So you’re alone again on Valentine’s Day. That’s totally fine; college dating is overrated anyhow (that’s what we’re telling ourselves, anyways)! Before you get drunk and end up messaging your ex, try these fun, UT Valentine’s Day non-romantic ideas that aren’t bound to make you feel a shitload of regret.
6.) Visit the Butch Jones poster that’s somehow still at Neyland Stadium:
Yes, it’s still fucking there. No kidding. It is almost as if UT is still not 100% sure about their last breakup and haven’t quite decided yet if they are ready to move on. If your school can’t be asked to deal with this heartache at the moment, why should you be expected to deal with yours? Just find a rebound, like UT did with basketball.
5.) Swipe endlessly through Tinder:
Everyone is on Tinder on Valentine’s Day (except the people in relationships) (wait, maybe not so much). You didn’t pay much attention in stats, but you’re pretty sure that there’s only so many times you can swipe right before a match is mathematically guaranteed. Just use a picture of you with your dog (or your friend’s dog, or Smokey) and the cute factor will make up for your bland bio and/or shitty pickup lines.
4.) Date the Rock:
No, not Dwayne Johnson, sorry (though kudos to you if you can tap that). Your best bet might just be to bring your dream partner to life on one of UT’s most artistic pieces of nature. Your painting may not be the most talkative date, but it’s better than nothing, right? Right? To be frank, this wouldn’t be the worst thing to have been painted on the Rock this year – looking at you, white supremacists.
3.) Make trail mix at “Volentine’s Day”:
Sure, there are definitely more exciting ways to spend Valentine’s Day than going to the Hodges Library to learn about healthy relationships and make trail mix in a university-planned event. But… free food, right? It’s more nutritious than the delicious and romantic dinner of ramen noodles you were planning.
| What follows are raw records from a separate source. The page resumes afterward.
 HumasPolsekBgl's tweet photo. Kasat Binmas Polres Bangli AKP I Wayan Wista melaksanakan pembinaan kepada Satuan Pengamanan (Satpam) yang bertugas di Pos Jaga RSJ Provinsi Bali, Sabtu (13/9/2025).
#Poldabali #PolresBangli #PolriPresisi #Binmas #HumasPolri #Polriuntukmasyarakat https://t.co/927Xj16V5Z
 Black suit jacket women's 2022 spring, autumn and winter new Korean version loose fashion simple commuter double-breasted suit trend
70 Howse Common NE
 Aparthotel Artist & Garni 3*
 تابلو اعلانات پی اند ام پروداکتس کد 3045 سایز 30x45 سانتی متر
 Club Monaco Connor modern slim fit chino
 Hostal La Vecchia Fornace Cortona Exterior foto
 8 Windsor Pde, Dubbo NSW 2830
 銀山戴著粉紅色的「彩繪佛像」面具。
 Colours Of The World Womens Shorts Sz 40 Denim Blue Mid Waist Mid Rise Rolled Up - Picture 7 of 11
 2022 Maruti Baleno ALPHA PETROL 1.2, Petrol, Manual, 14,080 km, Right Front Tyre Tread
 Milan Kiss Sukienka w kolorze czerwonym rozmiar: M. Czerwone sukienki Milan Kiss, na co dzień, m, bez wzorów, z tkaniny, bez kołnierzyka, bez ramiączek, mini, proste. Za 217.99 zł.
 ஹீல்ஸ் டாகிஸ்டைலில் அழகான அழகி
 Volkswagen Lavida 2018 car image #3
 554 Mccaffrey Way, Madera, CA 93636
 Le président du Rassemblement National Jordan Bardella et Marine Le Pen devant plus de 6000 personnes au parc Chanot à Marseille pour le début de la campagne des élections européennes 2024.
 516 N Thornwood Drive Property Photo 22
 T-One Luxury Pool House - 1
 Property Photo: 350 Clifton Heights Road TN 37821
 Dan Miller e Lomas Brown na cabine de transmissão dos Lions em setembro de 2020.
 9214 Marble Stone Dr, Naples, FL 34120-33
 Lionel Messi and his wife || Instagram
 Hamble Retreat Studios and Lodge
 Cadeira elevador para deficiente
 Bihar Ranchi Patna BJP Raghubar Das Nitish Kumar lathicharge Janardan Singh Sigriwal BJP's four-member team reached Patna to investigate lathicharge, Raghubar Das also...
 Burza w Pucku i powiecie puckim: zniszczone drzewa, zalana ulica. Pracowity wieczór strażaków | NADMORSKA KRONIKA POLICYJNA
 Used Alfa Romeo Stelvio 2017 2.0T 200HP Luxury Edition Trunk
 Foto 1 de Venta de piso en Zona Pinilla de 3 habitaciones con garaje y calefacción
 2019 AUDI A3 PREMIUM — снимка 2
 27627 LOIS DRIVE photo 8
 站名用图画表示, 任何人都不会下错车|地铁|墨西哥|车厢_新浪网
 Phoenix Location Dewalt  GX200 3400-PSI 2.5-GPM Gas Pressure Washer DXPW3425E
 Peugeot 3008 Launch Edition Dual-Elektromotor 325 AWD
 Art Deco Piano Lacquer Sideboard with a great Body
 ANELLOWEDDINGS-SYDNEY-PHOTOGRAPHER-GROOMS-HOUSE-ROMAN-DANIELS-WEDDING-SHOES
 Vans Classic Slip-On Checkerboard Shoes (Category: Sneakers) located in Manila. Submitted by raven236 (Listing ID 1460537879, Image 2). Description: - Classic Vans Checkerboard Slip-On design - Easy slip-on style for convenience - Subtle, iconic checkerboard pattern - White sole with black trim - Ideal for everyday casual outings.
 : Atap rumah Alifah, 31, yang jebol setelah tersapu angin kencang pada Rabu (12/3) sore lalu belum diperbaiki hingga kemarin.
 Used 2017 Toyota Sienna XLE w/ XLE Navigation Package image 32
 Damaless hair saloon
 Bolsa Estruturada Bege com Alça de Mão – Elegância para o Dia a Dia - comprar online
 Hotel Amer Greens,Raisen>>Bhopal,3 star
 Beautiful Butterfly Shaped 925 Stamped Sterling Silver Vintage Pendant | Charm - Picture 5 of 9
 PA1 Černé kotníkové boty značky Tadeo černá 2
2.) Galentine’s Day! (Bro-entine’s Day?):
Maybe it’s time to hang out with all your single friends! It’s time for Netflix (but not Chill). You can also take the money you would have spent on a date and buy ridiculous amounts of alcohol. Or go by Hooters. Sure, it’s probably the grossest place to be on Valentine’s Day, but they’re promising free wings to anyone melodramatic enough to shred a picture of their ex in the restaurant.
1.) Just play Fortnite instead:
You are already guaranteed to be surrounded by people, albeit with the intentions of murdering you. It’s still better than nothing, though. You do have a measurably better chance of getting… well…lucky in Fortnite than if you were to go outside and actually attempt to interact with others.